ECA backs FE Week warning: ‘green skills’ must mean qualified, competent and safe

The Electrical Contractors’ Association (ECA) has praised FE Week for highlighting a growing risk: ‘green skills’ courses that don’t align with industry occupational and training standards – and therefore don’t develop or validate real competence.

With electrification accelerating across homes and workplaces, competence is non‑negotiable. When training bypasses industry-endorsed standards, the consequences can be unsafe work, poor-quality, inefficient installations, and a genuine danger to the public – as well as damage to confidence in low-carbon technologies themselves.

ECA is calling for an industry-endorsed, competence‑led approach to green upskilling and funding – exemplified by ‘Electrician Plus’ qualifications in solar PV, battery and EV charging. It is also supporting wider calls from the Engineering and Building Services Skills Alliance (EBSSA) – which covers mechanical, electrical, plumbing and associated specialisms as a whole – for full adoption of an Installer Skills Matrix for low-carbon technologies.

Andrew Eldred, Managing Director at ECA, said:

“FE Week is right to scrutinise training that’s marketed as a fast route into ‘green’ jobs but doesn’t deliver industry‑recognised qualifications or competence.

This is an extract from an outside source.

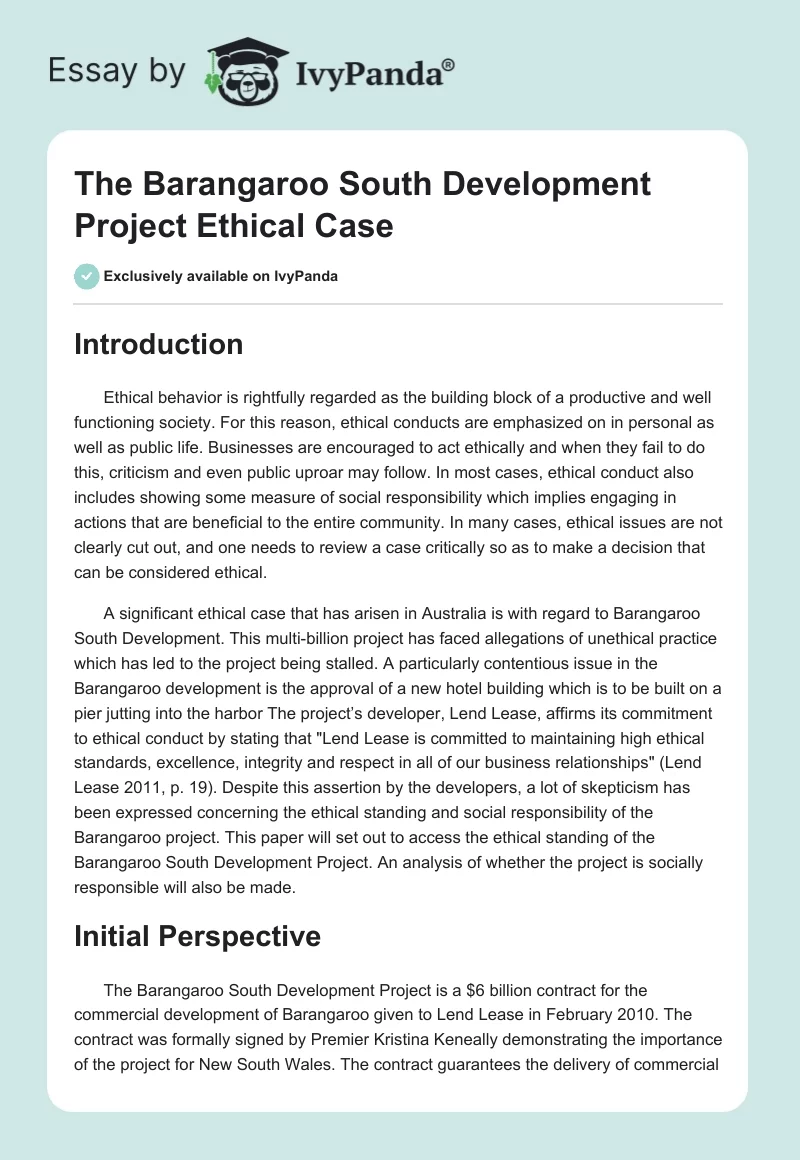 The Barangaroo South Development Project Ethical Case. Page 1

In a safety‑critical sector, competence isn’t optional. If people are pushed into work they’re not properly qualified to do, investment in proper training declines and the public ultimately carries the risk.

“Upskilling for low‑carbon technologies must align with industry recognised competence standards – not bypass or subvert them.”

What ECA is calling for

ECA is urging Government, funders and skills bodies to:

  • Align ‘green skills’ provision and funding with employer needs, as embodied in industry-recognised standards and competence frameworks.
  • Support upskilling that builds on underlying trade competence (as embodied in ‘Electrician Plus’) – not shortcuts around such competence.
  • Measure success by skilled employment outcomes (fully qualified status and progression), not simply course enrolments.

ECA supports faster green skills delivery – but training must not compromise on competence or safety.